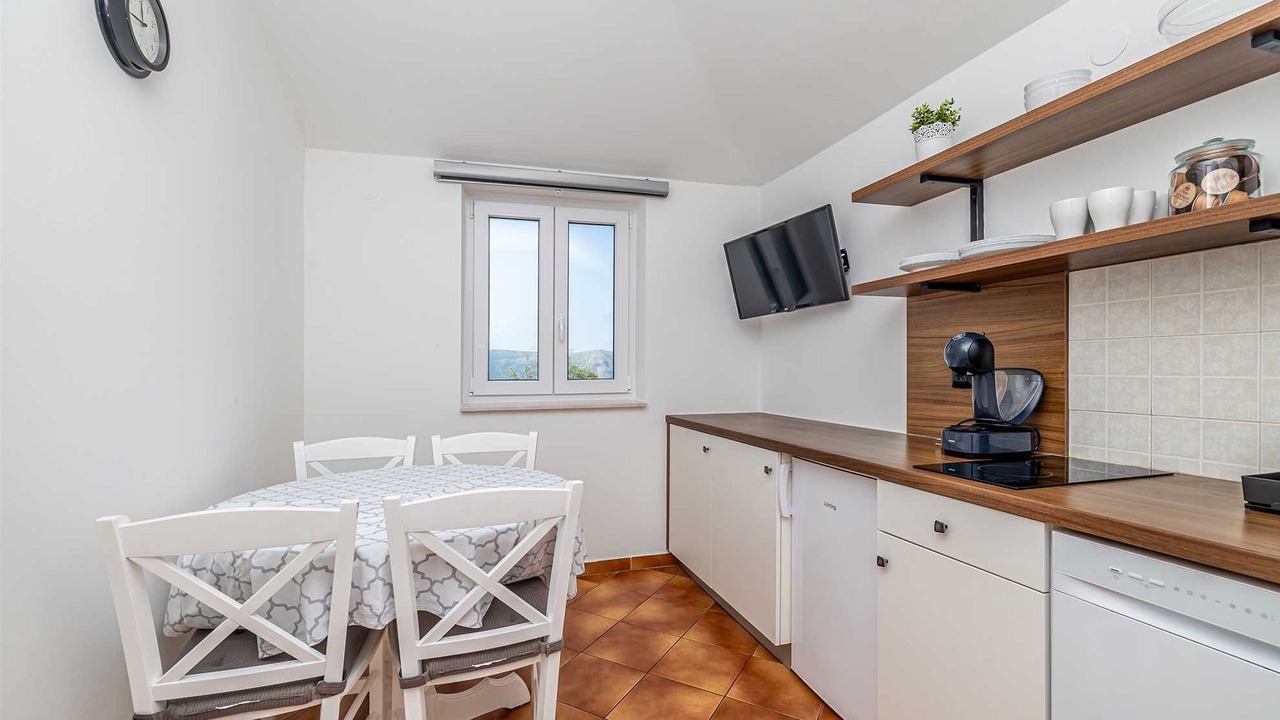 Photo of Kitchen in Linardici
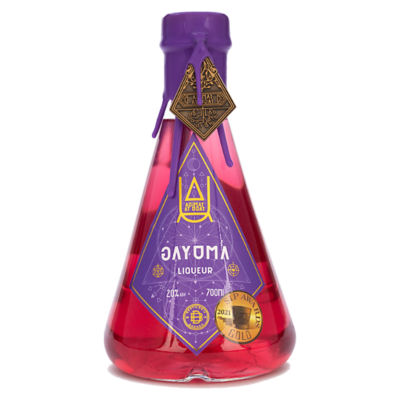 Gayuma (Love Potion)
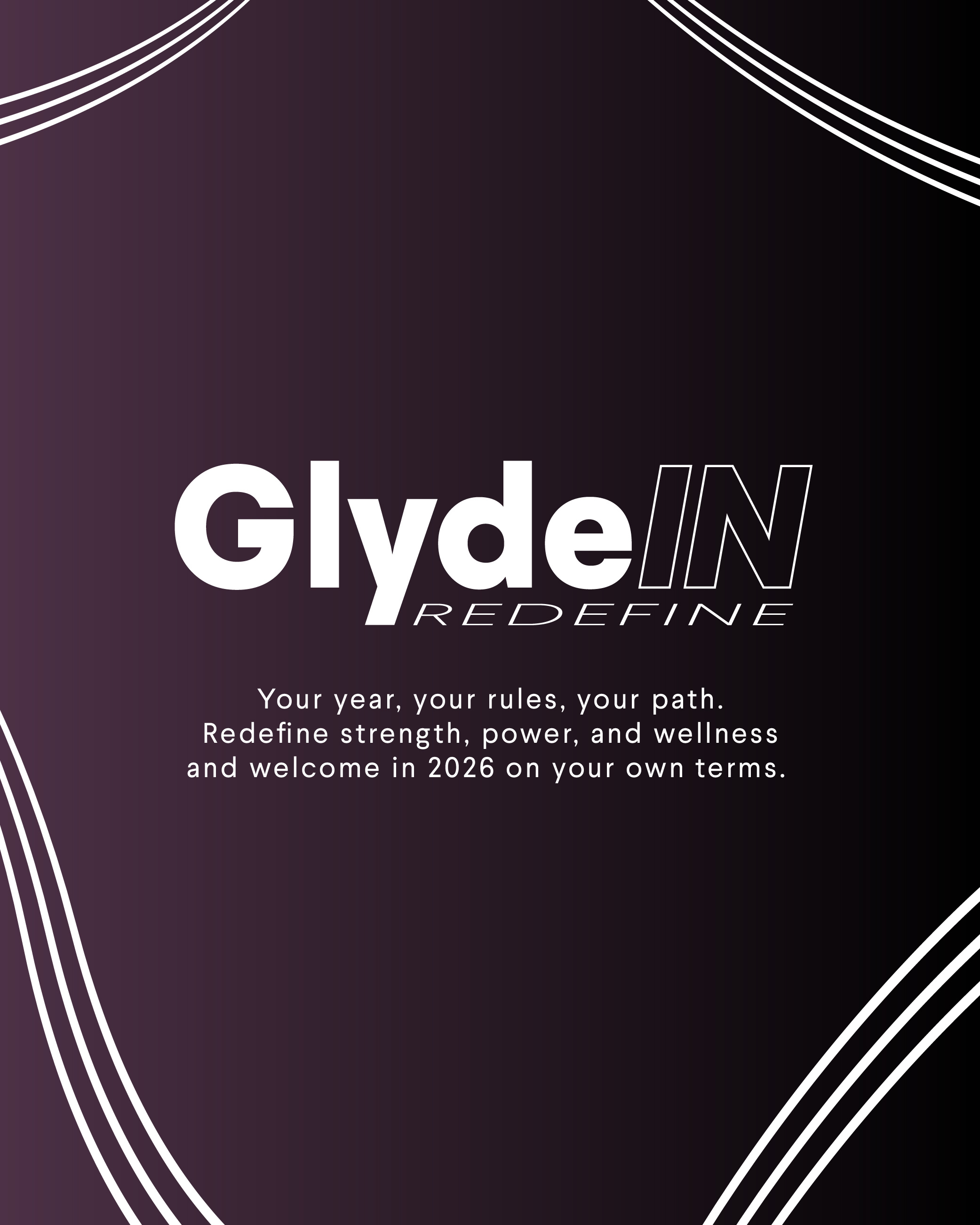 GlydeIN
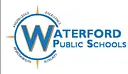 Waterford Public Schools logo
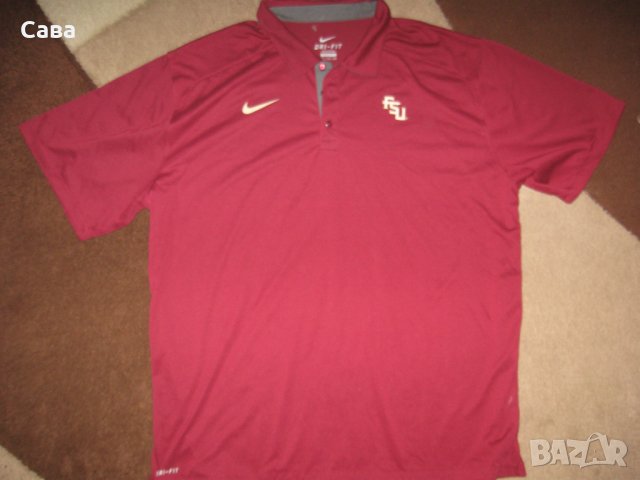 Блузи NIKE, SLAZENGER  мъжки,2-3ХЛ, снимка 7 - Блузи - 37760938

_PROBLEM DETAILS_.
Output all of the data word for word, excluding any pictures.

_TASK OUTPUT_.
 Photo of Kitchen in Linardici
 Gayuma (Love Potion)
 GlydeIN
 Waterford Public Schools logo
 Блузи NIKE, SLAZENGER  мъжки,2-3ХЛ, снимка 7 - Блузи - 37760938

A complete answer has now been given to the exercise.